He's not even talking about your treadmill hypo (which is charmingly elegant), but on the base assumption about the train.
This whole conversation is making me feel much better about political arguments. It's terribly easy, when you can't convince someone, to think that they're being obtuse in bad faith because they have some hidden political agenda they aren't willing to examine openly. It's worthwhile being reminded of how hard it is to convince someone of something with a clear right answer, even when no one actually has any emotional reason to give a damn about what that answer is.
Argumentative charity for all!
(On preview: Actually, we did talk about wind resistance back when this started -- I guess I've been leaving it out of the repeated lists of secondary factors, but it did get acknowledged to begin with.)
Oh ok. I'd actually bet that the tailwind explains almost all of the effect, with the rest being taken care of by the track material. Psychology is probably mostly irrelavent. People's bodies are usually better at physics than their brains are.
Ideal dropped back to doubting Galilean relativity
Dude, I said in 293 I was going to accept your explanation even though my intuition was other. Heck, most Catholics do not show the Pope that much deference any more.
The thing is, 289 does not answer the question for me. I assume that the real work is done by this sentence: If you run forward at all you actually are moving at that same speed relative to the ground. True, of course, but if you put 50 pound weights on your ankles and run forward at all you actually are moving at the same speed relative to the ground. The example does not answer the question of whether there is something about running on the ground that is different from running a treadmill, where the surface on which you are running is being moved underneath you (an input of energy into the situation not present when you run on the ground).
Possible, but think about running at high speeds -- if you speed up even a little past the speed of the belt, you kick the front and trip. That's got to make you flinchy on some level about controlling your speed perfectly, which is going to muck with your gait. The air resistance is a big part of it, I'm sure, but I'd bet you'd get some differences from a long treadmill with space to speed up a little without instantly running into an obstacle. But this is pure speculation, not physics.
But in my hypo the treadmill isn't being pulled underneath you because the train is balancing that out. The treadmill in my situation is only being pulled underneath you in exactly the same way as the ground is when you're running!
It's worthwhile being reminded of how hard it is to convince someone of something with a clear right answer, even when no one actually has any emotional reason to give a damn about what that answer is.
This is why I generally don't bother.
296: Air resistance has been mentioned several times. It's a factor (and a small one at low speeds) but not related to the basic physics being discussed. L.B. is right & has been right from the beginning.
because the train is balancing that out
This is the problem I have with the example. Since we are all assuming away other factors (rotation of the earth, wind resistance, sun spots etc.) all we are worried about is two things--you and the surface on which you are running. Saying that the train cancels out the effect of the treadmill assumes the answer.
I should give this up. I admit to the superiority of LizardBreath's scientific knowledge (my only physics class was in high school.
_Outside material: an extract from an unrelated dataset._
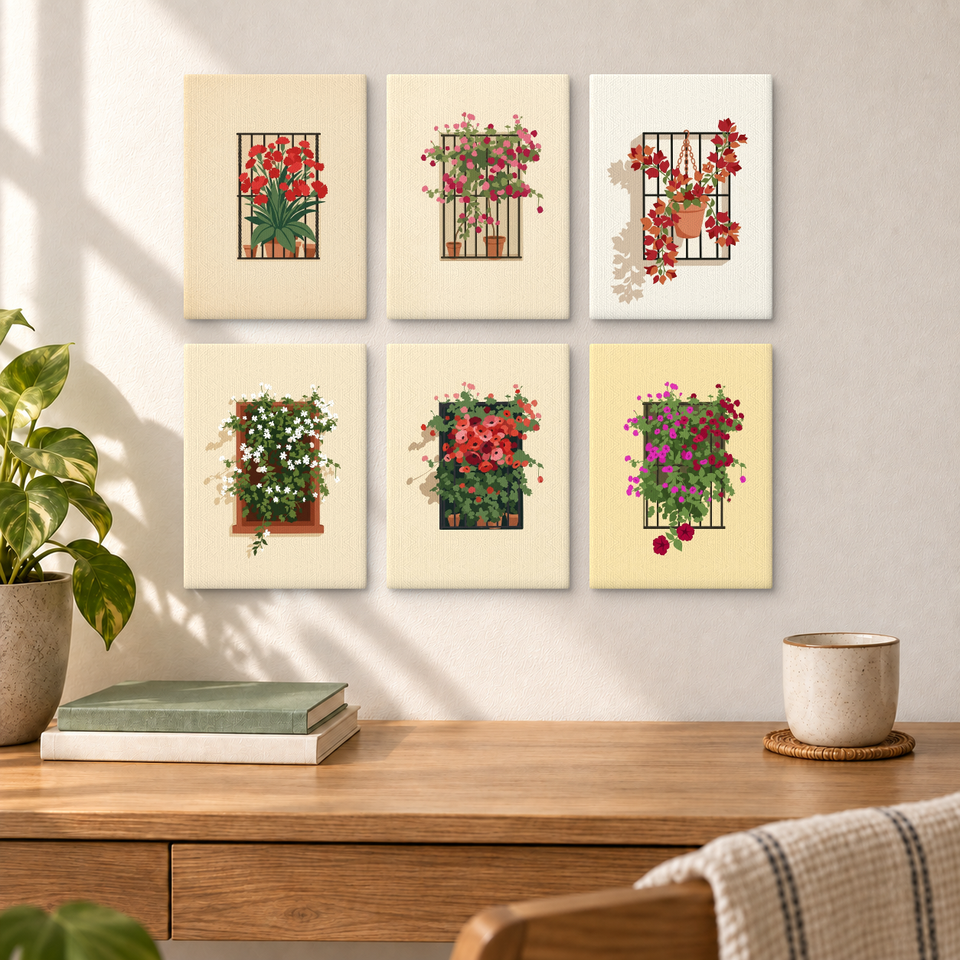 Floral Balcony Illustrations — completed artworks displayed in a room; frames shown for styling.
I took the teacher's word that we would get a C just for signing up and attended only the first few weeks of classes and cut the rest in favor of hanging out in the park or lunch room with my friends (not a sound decision in retrospect, but high school sure was a lot of fun)
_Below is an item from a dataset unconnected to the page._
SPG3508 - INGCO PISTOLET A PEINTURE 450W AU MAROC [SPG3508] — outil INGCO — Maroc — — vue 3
I don't understand how we can seriously be having this discussion while we are all standing on a 750 mph treadmill.
Try running east, try running west. Feel any difference? Didn't think so. Even though in one case the ground is being pulled underneath you at 750 mph.
299: Let me walk through it again. Start by assuming that a moving train is just like a stationary gym -- your speed over the ground is irrelevant, all your energy output is determined by your speed relative to the train. If you ran circular laps around the perimeter of the flatcar, you wouldn't be expending different amounts of energy when you were going toward the back of the train than when you were going toward the front of the train -- all that matters is your speed in relation to the train.
Now put a treadmill on that train -- all the concerns about treadmills being not real running apply equally to a treadmill on a train. If the treadmill on the train is real running, a treadmill in the gym is real running; if the treadmill on the train is waving your legs as the belt drags them backward, than so is the treadmill in the gym.
But now look at Pause's hypo -- if you set the treadmill up right, you can make the belt stationary with respect to the ground. Just as I said in the other hypo, you could have one runner running along the station platform, and another keeping pace on the treadmill on the train. The surfaces they were running on would be motionless with respect to each other -- if they ran at the same pace, they would stay next to each other (that is, the station-runner would pace the train, staying next to the treadmill). Someone could run with one foot on each, and not feel any different forces from the different surfaces. Therefore, running on a treadmill on a moving train is physically equivalent to running over the ground, therefore, running on a treadmill in the gym is physically equivalent (secondary factors, air resistance, and so forth ignored) to running over the ground.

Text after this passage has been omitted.